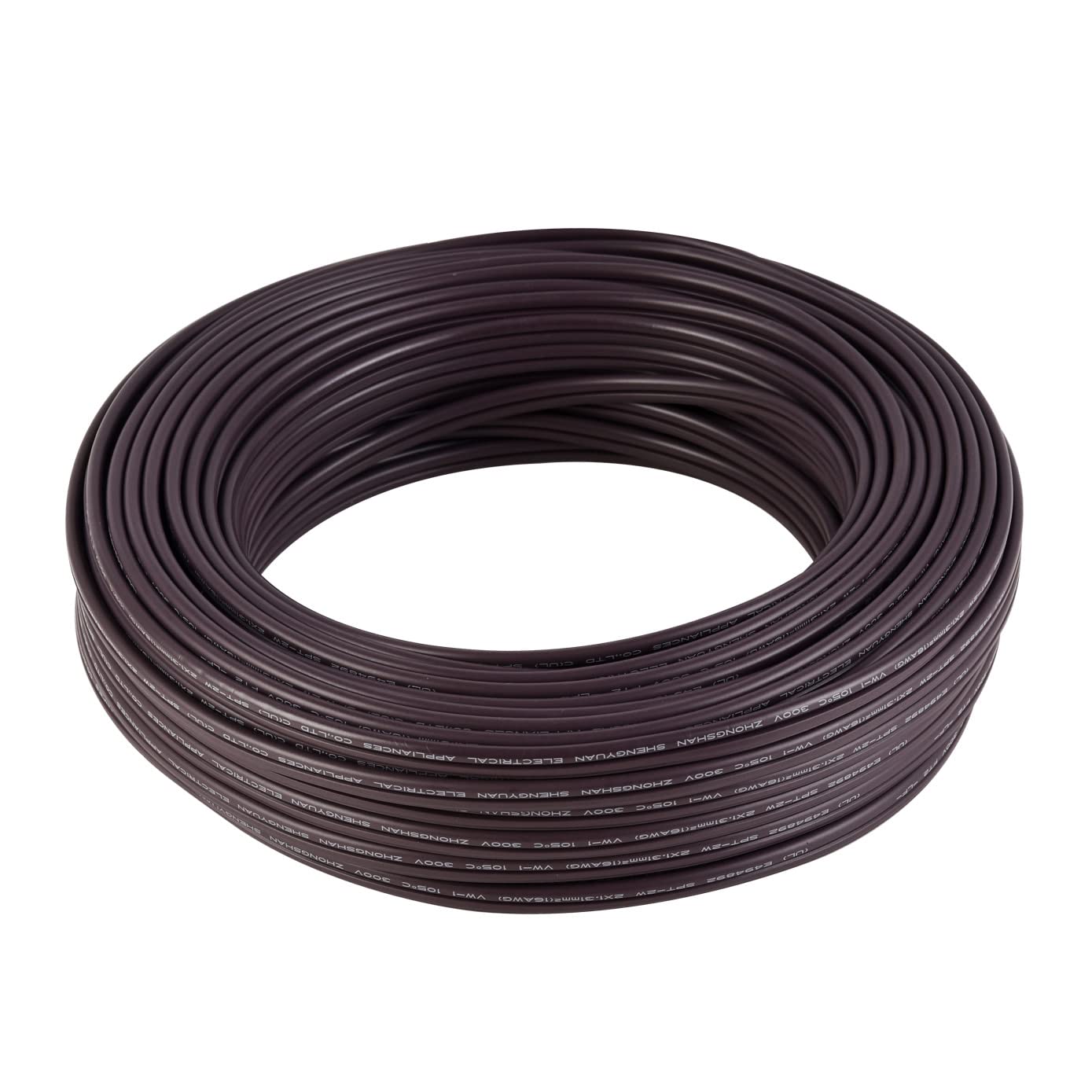 Elitco Lighting Aera Landscape Lighting Kit - Brass Finish, Set Of 6 Outdoor Lights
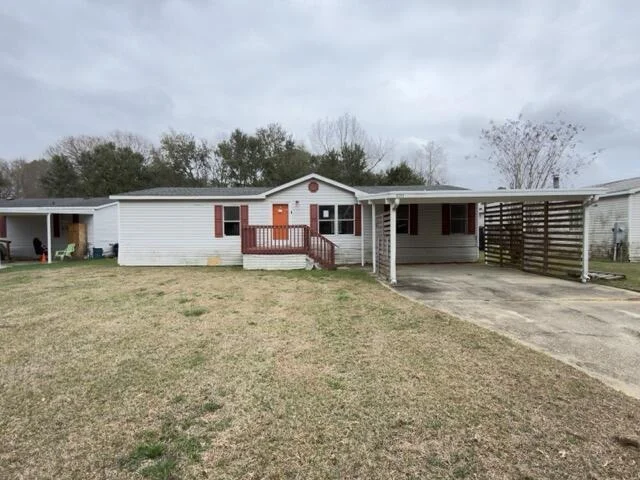 Unit for sale at 6253 Footprint Drive, Pensacola, FL 32526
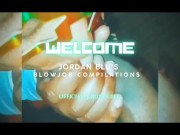 Giving a blowjob during class break 💋 1/16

How to complete this task: Output everything in the material exactly. Pictures stay out of it.

Solution:
 Elitco Lighting Aera Landscape Lighting Kit - Brass Finish, Set Of 6 Outdoor Lights
 Unit for sale at 6253 Footprint Drive, Pensacola, FL 32526
 Giving a blowjob during class break 💋 1/16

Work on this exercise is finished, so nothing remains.